Die Besonnenheit könne er nur begrüßen, meint Peter Kamp, Leiter der Abteilung Liegenschaften im Landesjustizministerium, bei der vergangenen Sitzung der Bezirksvertretung Ronsdorf. Einen offenen Vollzug werde es nicht geben, er sei auch für die absehbare Zukunft nicht geplant. Im übrigen sei es "ein Popanz", dass Freigänger in der Nachbarschaft eines Gefängnisses Straftaten begehen. "Und wer tatsächlich ausbricht, hat nichts anderes zu tun, als möglichst schnell das Weite zu suchen."
Die Demonstranten, die sich derweil vor dem Sitzungssaal versammelt haben, pochen dann auch vor allem auf Fragen des Umweltschutzes. Frank Baldus, Teamleiter der Wuppertaler Natur-Ranger, unterstellt eine Erpressungspolitik von Oberbürgermeister Peter Jung. "Er darf die Bereitschaftspolizei behalten, wenn die JVA gebaut wird." Doch gehe mit dem Biotop auf dem Scharpenacken wertvolle Natur verloren. "Soll doch die Einrichtung irgendwo entstehen, aber nicht ausgerechnet dort."
Jörg Liesendahl sieht die Sache ähnlich. "Es leben dort alle vier Molcharten Wuppertals, auch der europaweit geschützte Kammmolch.

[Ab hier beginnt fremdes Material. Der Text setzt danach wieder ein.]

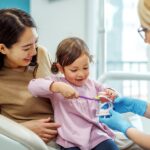 child siting in dental chair with mother, healthy habits, dental habits, child's smile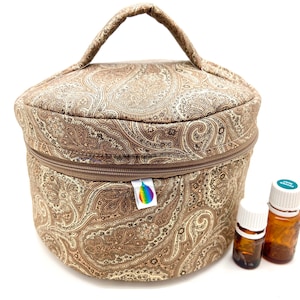 May include: A circular essential oil storage case with a paisley pattern in shades of brown, featuring a zip closure and a handle. Two small brown glass bottles and one with a white cap are next to the case. A rainbow logo tag is attached.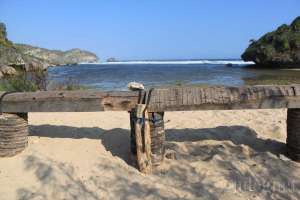 Tempat duduk dari batang pohon kelapa untuk menikmati keindahan Pantai Drini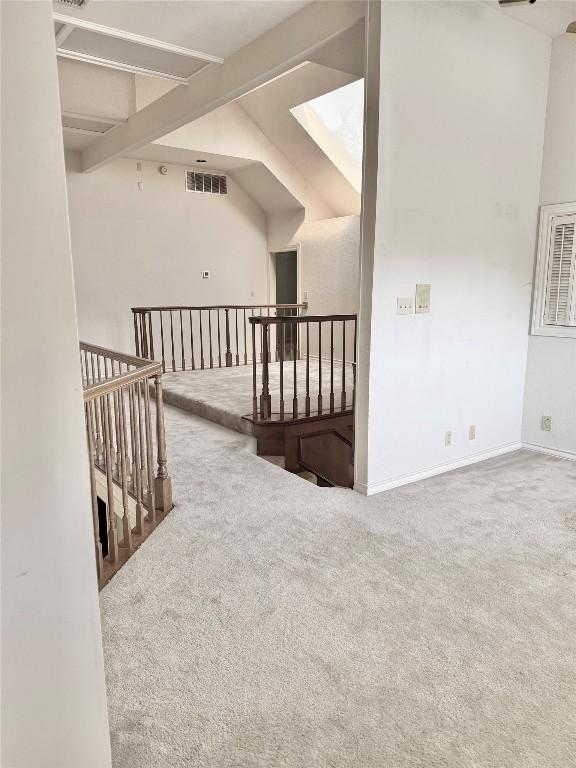 7011 Quill Leaf Cv, Austin, TX 78750 - hallway featuring an upstairs landing, carpet, and beam ceiling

Wir schrecken nicht davor zurück, die Sache über die EU-Kommission klären zu lassen." Ob die Ängste vor möglichen Risiken der JVA begründet seien, vermöge er nicht zu beurteilen. Auch Jochen Kunze bezieht Position für das Biotop: "Das hat schon die Bundeswehr dort eingezäunt und geschützt. Die Stadtväter hätten doch die Kaserne kaufen und viele Gebäude nutzen können, aber das haben sie verpennt."

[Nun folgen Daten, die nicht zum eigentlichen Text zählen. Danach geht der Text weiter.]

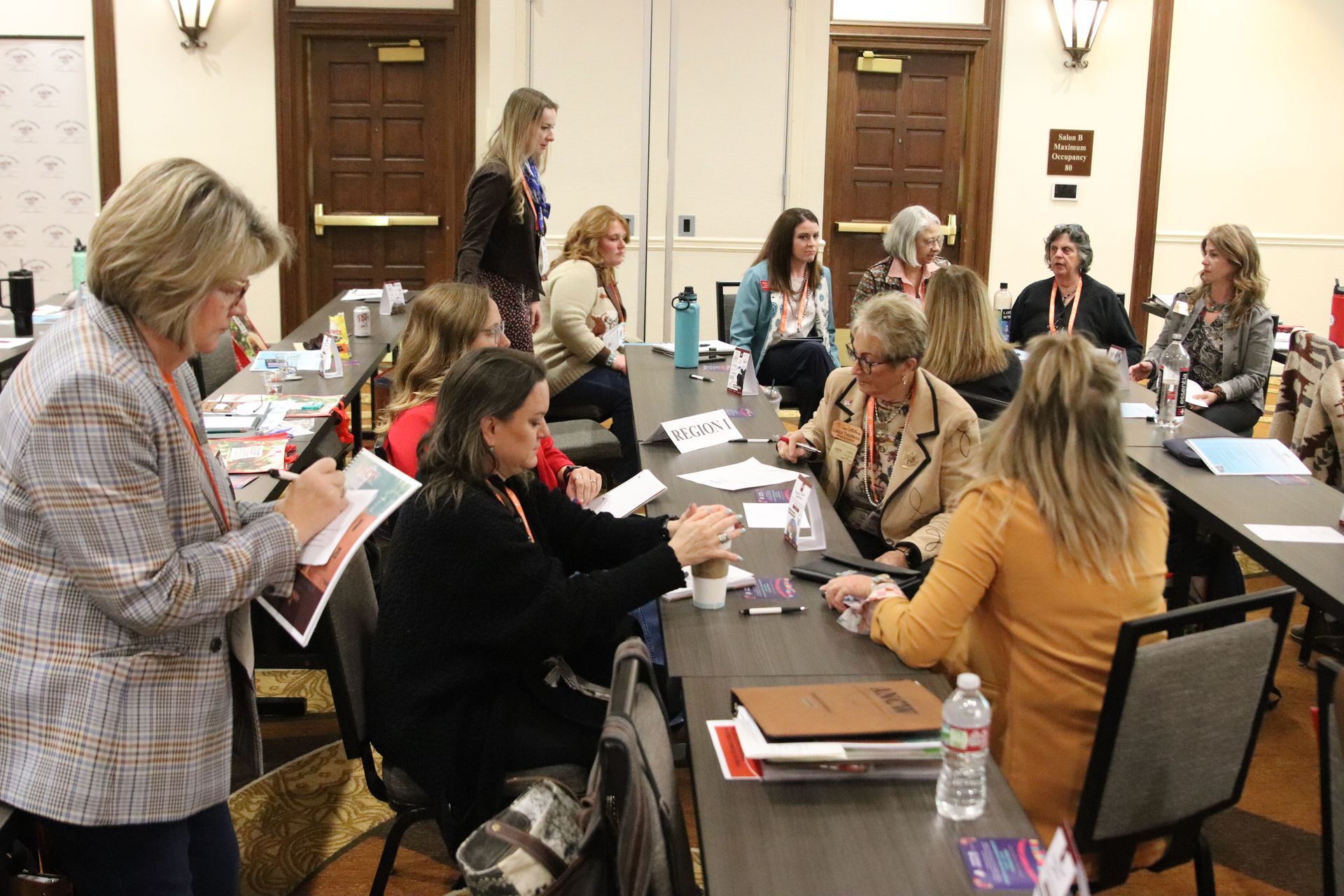 Five women smiling, posing behind illuminated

Dem "so genannten Biotop" stellt Bezirksvorsteher Lothar Nägelkrämer die schleppend verlaufende Spendenaktion für die Reformierte Kirche gegenüber: "Wer etwas schützen will, soll es auch da tun, wo es notwendig ist. Die Molche kommen doch nicht vor Gericht." Klare Position für die JVA bezieht Reinhard König sogar auf einem Schild: "Überall, nur nicht bei uns?" Der qualvolle Tod eines Häftlings in der Haftanstalt Siegburg habe gezeigt, dass die gegenwärtige Situation im Strafvollzug nicht mehr tragbar sei. "Das lässt sich nur durch einen Neubau ändern, und dafür ist der Standort Ronsdorf so gut wie jeder andere."